**WORKING DATA:**
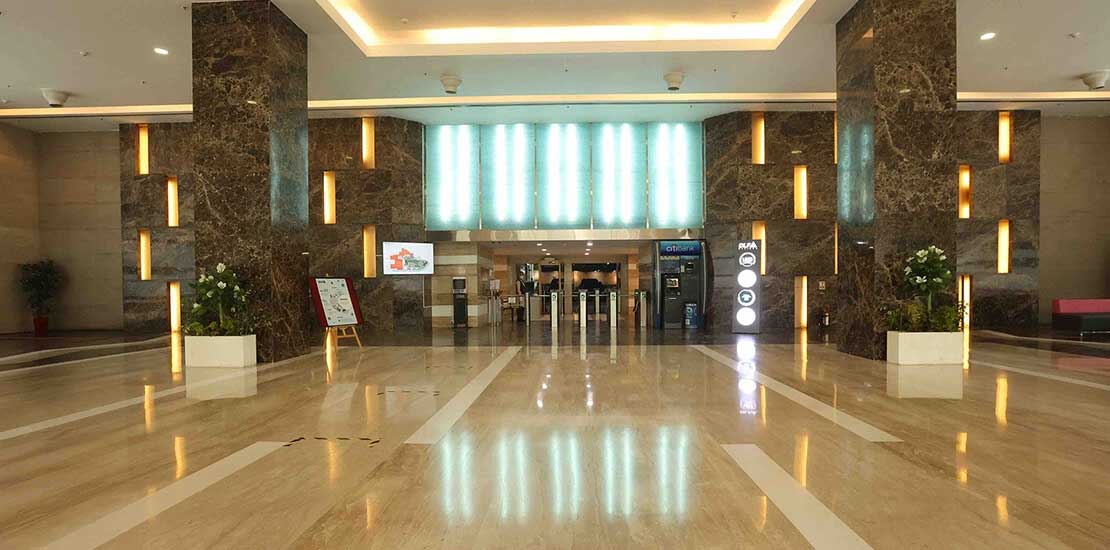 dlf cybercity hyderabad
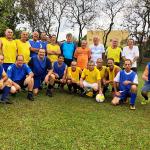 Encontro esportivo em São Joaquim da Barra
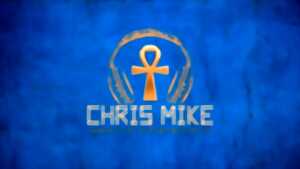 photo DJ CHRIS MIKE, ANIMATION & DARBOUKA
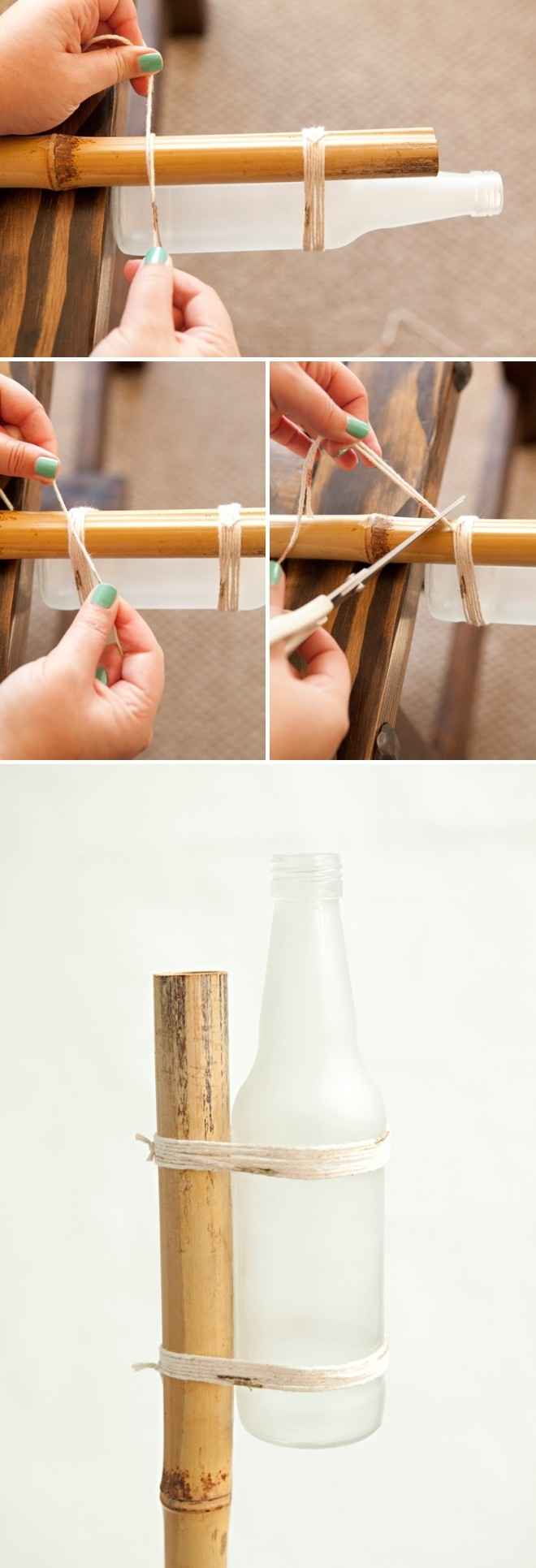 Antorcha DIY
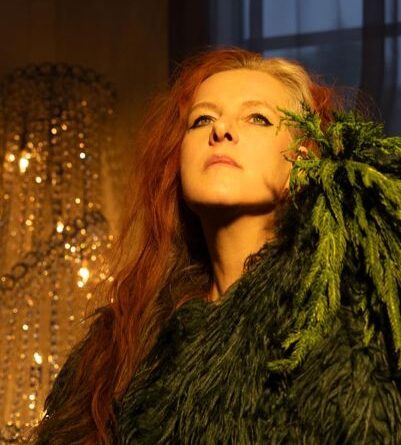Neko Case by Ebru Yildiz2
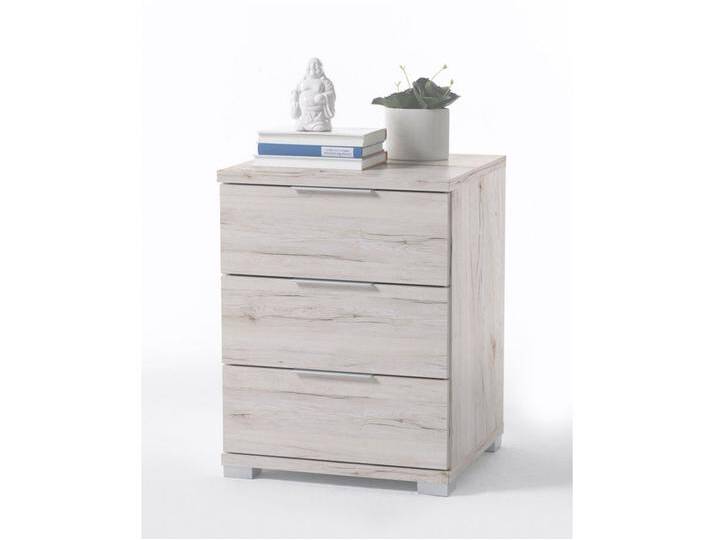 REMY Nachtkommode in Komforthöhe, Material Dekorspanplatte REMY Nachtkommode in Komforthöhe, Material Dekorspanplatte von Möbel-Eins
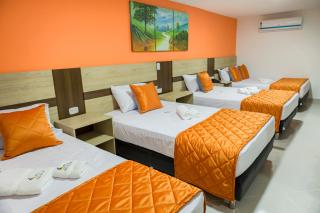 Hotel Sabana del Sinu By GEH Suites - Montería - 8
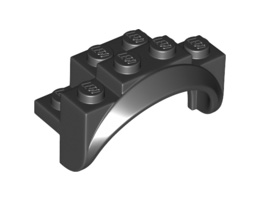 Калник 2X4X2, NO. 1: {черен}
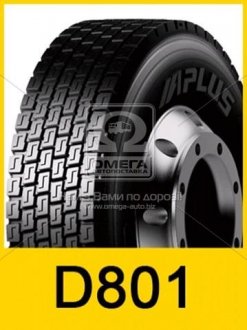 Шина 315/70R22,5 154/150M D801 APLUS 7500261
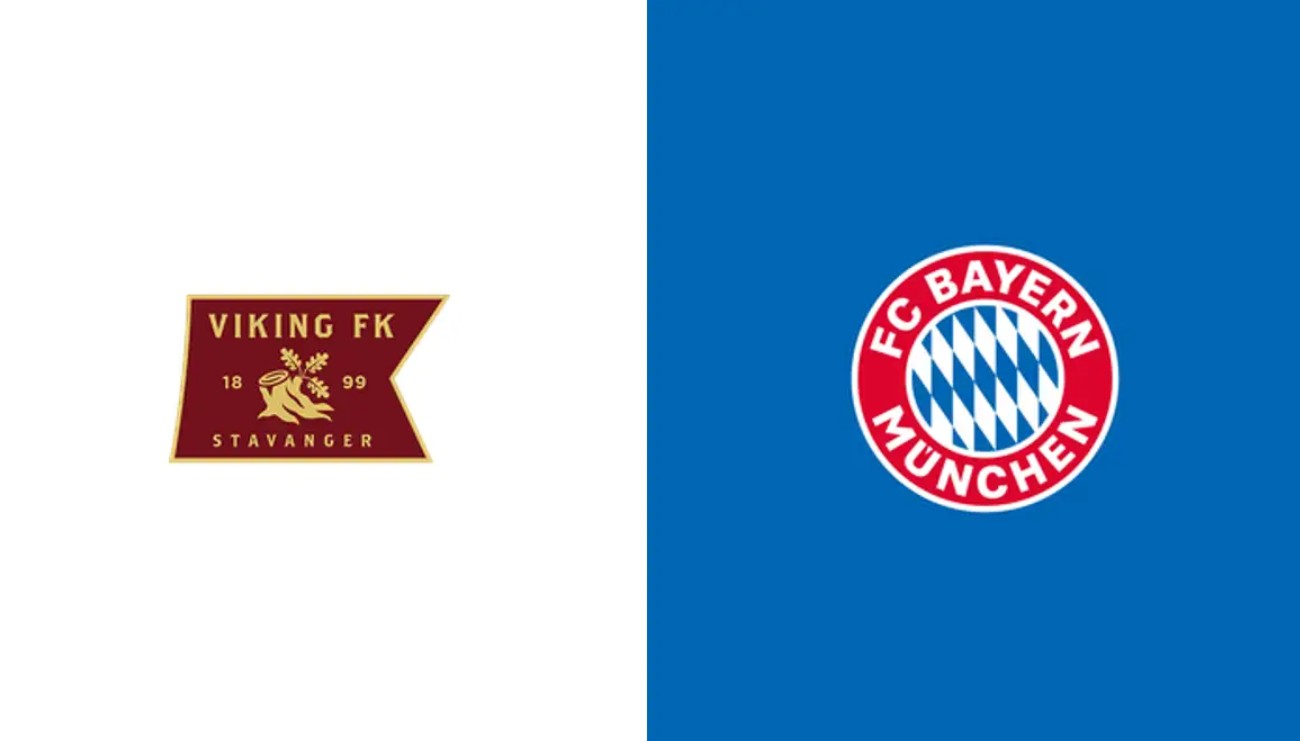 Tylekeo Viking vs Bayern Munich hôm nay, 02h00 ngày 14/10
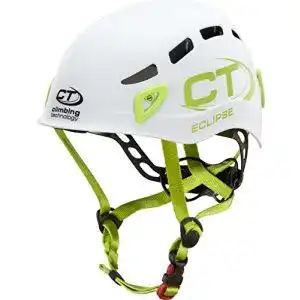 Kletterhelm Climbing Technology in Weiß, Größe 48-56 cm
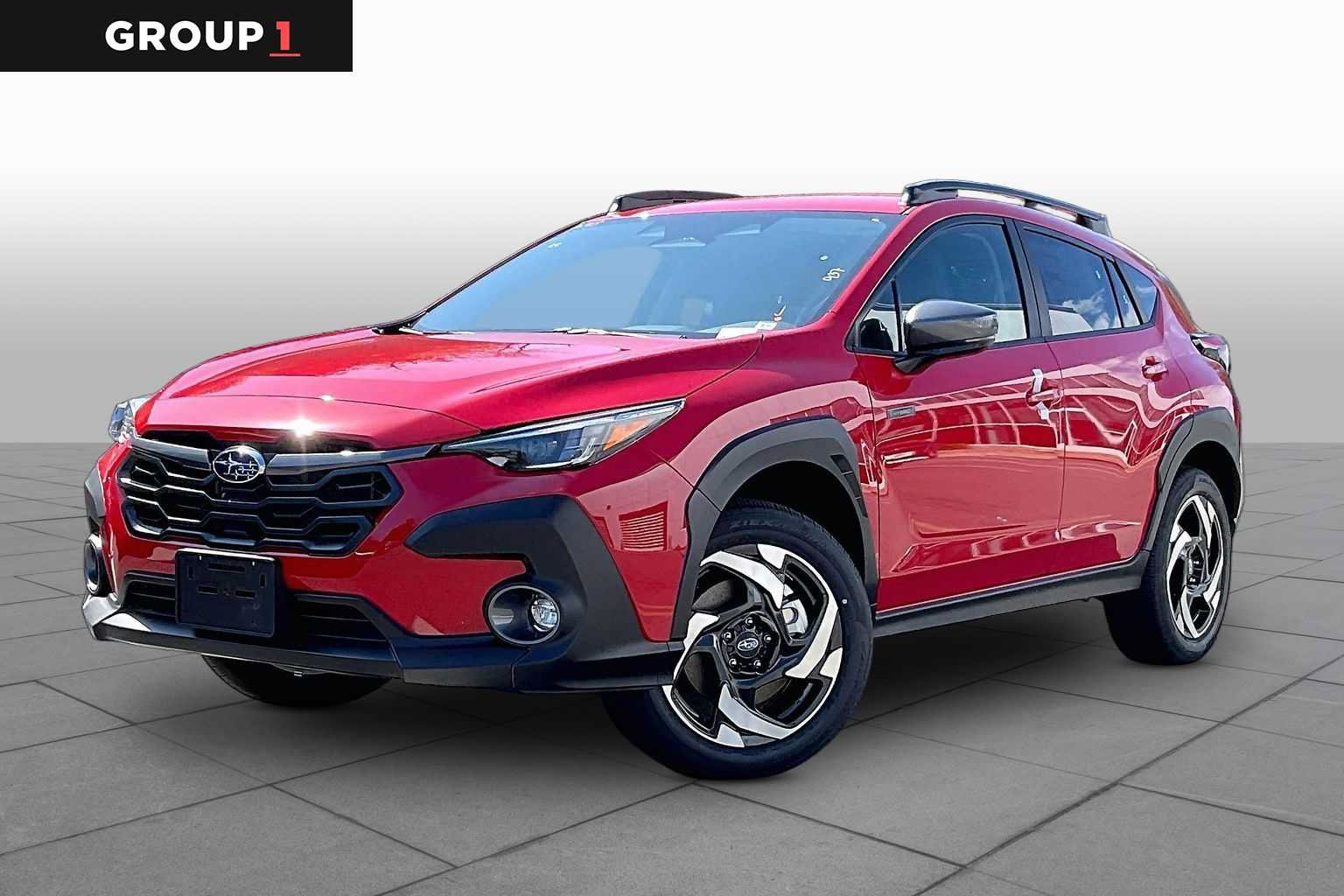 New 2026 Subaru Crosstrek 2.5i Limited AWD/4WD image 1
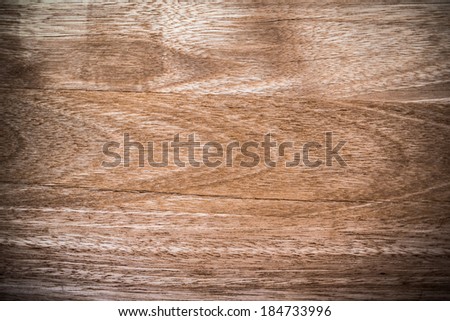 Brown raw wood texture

**WHAT THE TASK ASKS:** Give back the data exactly. Skip any images.

**YOUR SOLUTION:**
 dlf cybercity hyderabad
 Encontro esportivo em São Joaquim da Barra
 photo DJ CHRIS MIKE, ANIMATION & DARBOUKA
 Antorcha DIY
Neko Case by Ebru Yildiz2
 REMY Nachtkommode in Komforthöhe, Material Dekorspanplatte REMY Nachtkommode in Komforthöhe, Material Dekorspanplatte von Möbel-Eins
 Hotel Sabana del Sinu By GEH Suites - Montería - 8
 Калник 2X4X2, NO. 1: {черен}
 Шина 315/70R22,5 154/150M D801 APLUS 7500261
 Tylekeo Viking vs Bayern Munich hôm nay, 02h00 ngày 14/10
 Kletterhelm Climbing Technology in Weiß, Größe 48-56 cm
 New 2026 Subaru Crosstrek 2.5i Limited AWD/4WD image 1
 Brown raw wood texture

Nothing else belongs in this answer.